-- Opening Marker --
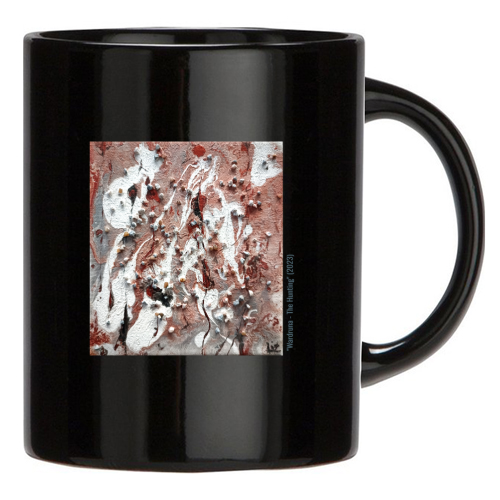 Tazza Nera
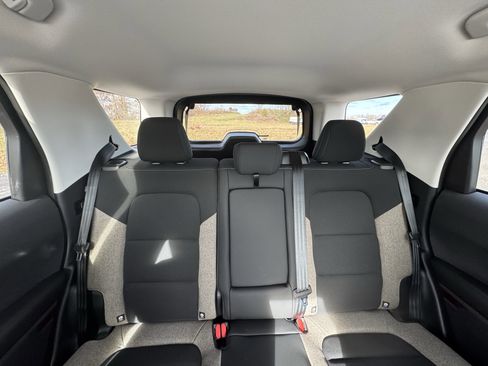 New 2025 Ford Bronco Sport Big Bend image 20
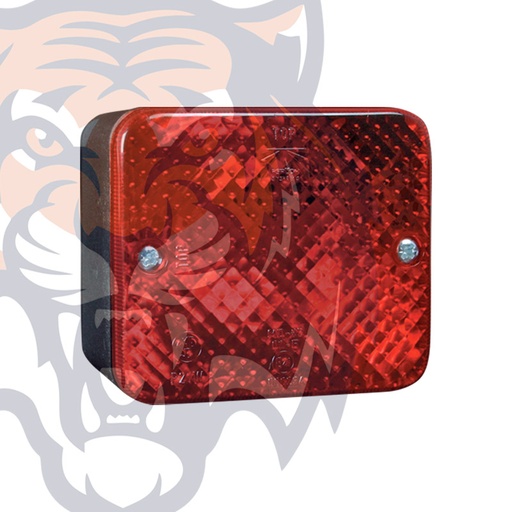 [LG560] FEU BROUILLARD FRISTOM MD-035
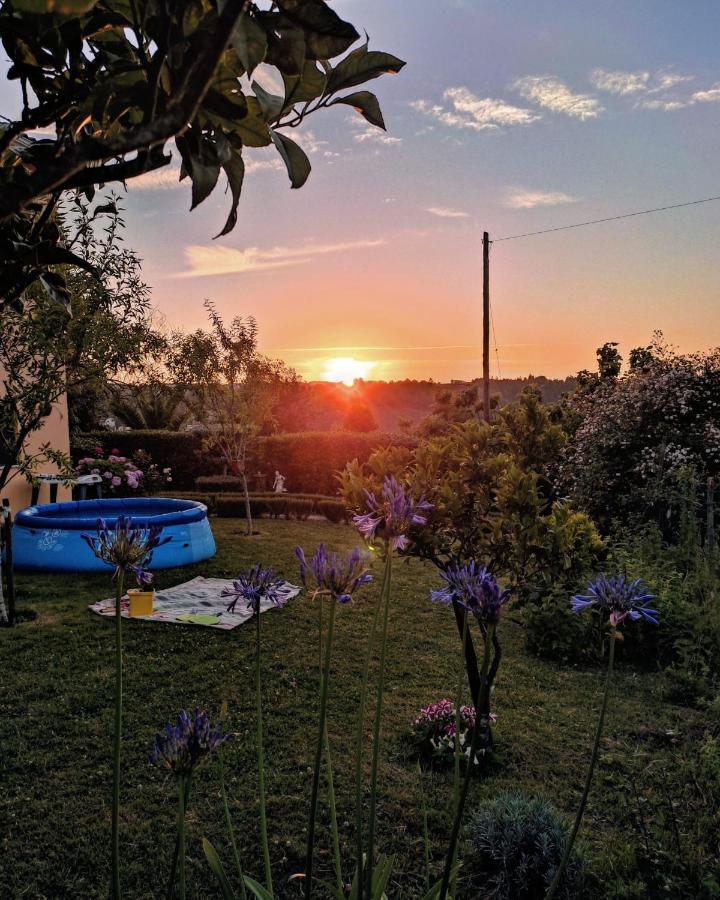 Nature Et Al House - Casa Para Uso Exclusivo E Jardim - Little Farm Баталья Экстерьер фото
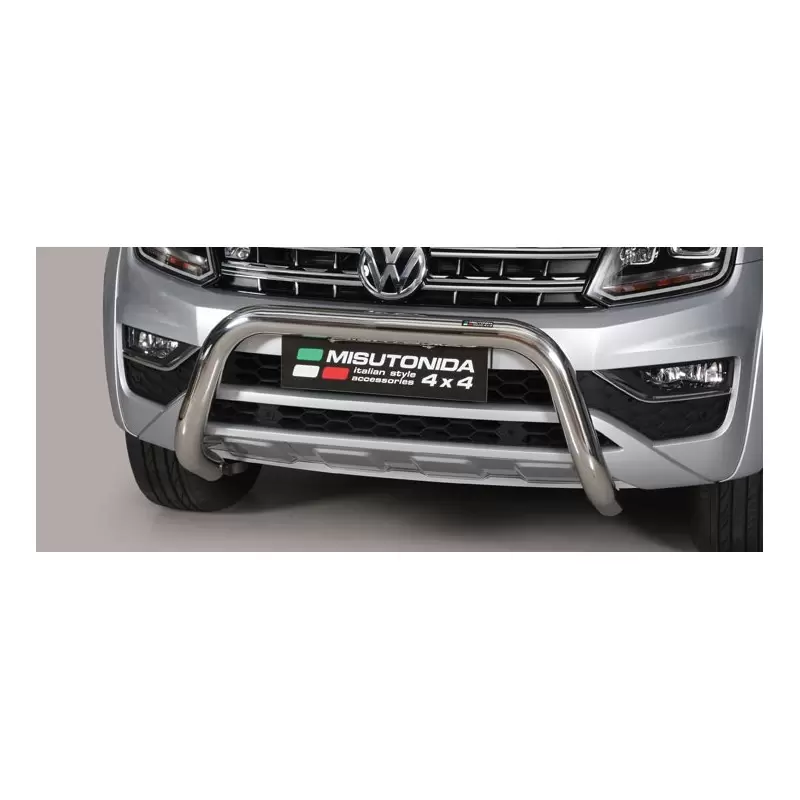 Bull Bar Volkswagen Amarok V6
-- Closing Marker --
* [EXERCISE DESCRIPTION] Please reproduce the entries above exactly, omitting every picture.

* [ANSWER TO THIS PROBLEM]
 Tazza Nera
 New 2025 Ford Bronco Sport Big Bend image 20
 [LG560] FEU BROUILLARD FRISTOM MD-035
 Nature Et Al House - Casa Para Uso Exclusivo E Jardim - Little Farm Баталья Экстерьер фото
 Bull Bar Volkswagen Amarok V6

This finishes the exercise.